Dataset entries:
----

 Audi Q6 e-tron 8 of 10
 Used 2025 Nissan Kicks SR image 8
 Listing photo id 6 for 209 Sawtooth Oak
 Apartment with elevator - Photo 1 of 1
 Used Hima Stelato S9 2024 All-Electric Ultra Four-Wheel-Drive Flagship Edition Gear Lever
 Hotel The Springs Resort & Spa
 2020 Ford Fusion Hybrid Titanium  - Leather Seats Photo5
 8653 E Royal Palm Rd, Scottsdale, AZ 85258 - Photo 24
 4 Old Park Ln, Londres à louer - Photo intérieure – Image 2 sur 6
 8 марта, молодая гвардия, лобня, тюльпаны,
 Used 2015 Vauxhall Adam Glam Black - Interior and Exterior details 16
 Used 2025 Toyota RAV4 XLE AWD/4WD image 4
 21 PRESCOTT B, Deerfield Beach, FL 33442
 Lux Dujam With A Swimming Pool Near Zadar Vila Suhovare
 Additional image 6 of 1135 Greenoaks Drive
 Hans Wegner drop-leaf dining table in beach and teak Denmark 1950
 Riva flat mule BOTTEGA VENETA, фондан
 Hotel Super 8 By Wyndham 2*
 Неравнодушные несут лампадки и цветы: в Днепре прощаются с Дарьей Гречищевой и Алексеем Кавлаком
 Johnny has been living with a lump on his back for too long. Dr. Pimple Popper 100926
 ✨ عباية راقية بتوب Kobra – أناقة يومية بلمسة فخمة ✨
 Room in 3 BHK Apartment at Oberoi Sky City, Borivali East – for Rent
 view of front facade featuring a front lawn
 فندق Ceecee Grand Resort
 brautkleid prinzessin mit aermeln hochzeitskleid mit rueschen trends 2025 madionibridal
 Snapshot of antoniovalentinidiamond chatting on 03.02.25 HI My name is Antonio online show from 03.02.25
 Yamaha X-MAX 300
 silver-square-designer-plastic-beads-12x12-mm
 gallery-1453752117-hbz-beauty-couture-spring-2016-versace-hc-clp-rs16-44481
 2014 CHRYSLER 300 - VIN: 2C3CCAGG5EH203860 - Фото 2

----

EXERCISE: Lines from the one with "Hans Wegner drop-leaf" through the last line above must be printed exactly; no other line is to appear.

RESPONSE BOX:
 Hans Wegner drop-leaf dining table in beach and teak Denmark 1950
 Riva flat mule BOTTEGA VENETA, фондан
 Hotel Super 8 By Wyndham 2*
 Неравнодушные несут лампадки и цветы: в Днепре прощаются с Дарьей Гречищевой и Алексеем Кавлаком
 Johnny has been living with a lump on his back for too long. Dr. Pimple Popper 100926
 ✨ عباية راقية بتوب Kobra – أناقة يومية بلمسة فخمة ✨
 Room in 3 BHK Apartment at Oberoi Sky City, Borivali East – for Rent
 view of front facade featuring a front lawn
 فندق Ceecee Grand Resort
 brautkleid prinzessin mit aermeln hochzeitskleid mit rueschen trends 2025 madionibridal
 Snapshot of antoniovalentinidiamond chatting on 03.02.25 HI My name is Antonio online show from 03.02.25
 Yamaha X-MAX 300
 silver-square-designer-plastic-beads-12x12-mm
 gallery-1453752117-hbz-beauty-couture-spring-2016-versace-hc-clp-rs16-44481
 2014 CHRYSLER 300 - VIN: 2C3CCAGG5EH203860 - Фото 2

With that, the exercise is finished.